New league, new coaches, new venue, you know, all that was kind of exciting for us.  That's the way we looked at it.  We looked at it as an exciting time.  I don't know how many conference championships the American Conference is going to host in their lifetime, but as you said, we won the first one.  And yesterday I think was a pretty special day here in the sense that you have a conference where a team that's not in the top‑20 like South Florida takes the No. 3 team in the country down to the wire, down to the last possession.  Nobody in the country is talking about South Florida, but I wouldn't want to play them in the NCAA Tournament, and if anybody gets in ahead of them there should be an investigation.  I don't think there is any team playing better basketball right now than South Florida is.

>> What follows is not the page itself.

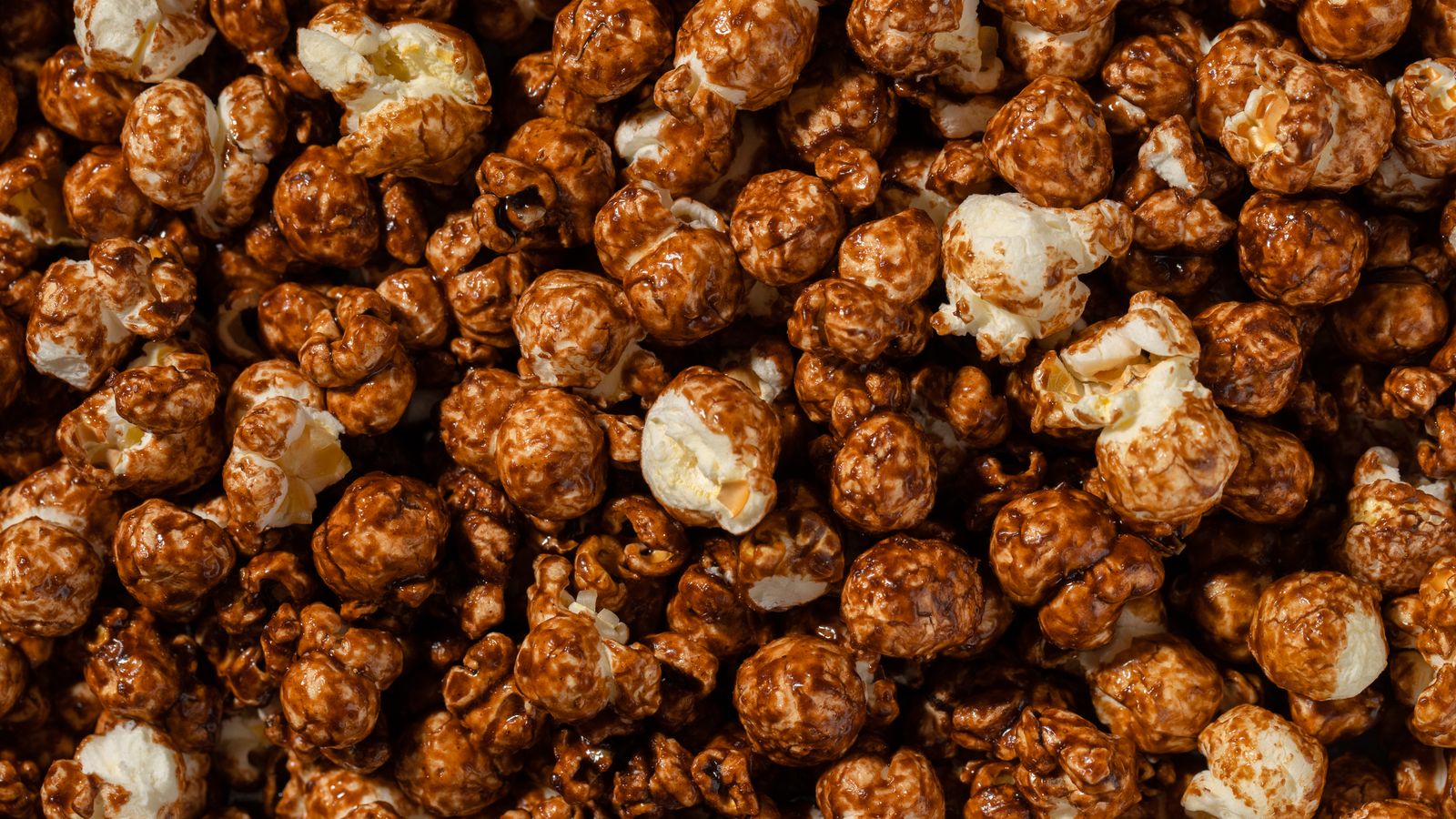 Close up of caramel popcorn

Q.  Geno, I was wondering if you think it would be fair for the No. 1 overall seed to be sent to a bracket where they could be playing a true away game in the regional final?
COACH AURIEMMA:  Somebody is going to have to do it, you know?  Somebody is going to Notre Dame, somebody is going to Louisville and somebody is going to Stanford and you're going to end up playing the home team in one of those three places.  Do I like it?  No.  We had that situation in 1995 we had a regional at Gampel, and back in the day it was called buying your way into the Final Four.  You put in a bid, a lot of people aren't going to bid, so you get it and the regionals are at your place every year.
I don't like it.  I'm not in favor of it, and I don't think this is going to happen again, either.  It's a one‑year deal, I think.  Regionals should be played on neutral sites.  I understand going to places where the game is popular, but I think the three home teams probably are in position to get a No. 1 seed.  Louisville, Notre Dame and Stanford.
So if they are, the absolute best 2, 3 and 4 teams in the country should all be in those three regionals, make them pissy about having a Final Four at home.  They did that to us in '95.  We had us, Virginia, Louisiana Tech and Alabama.  It was actually better than the Final Four we went to.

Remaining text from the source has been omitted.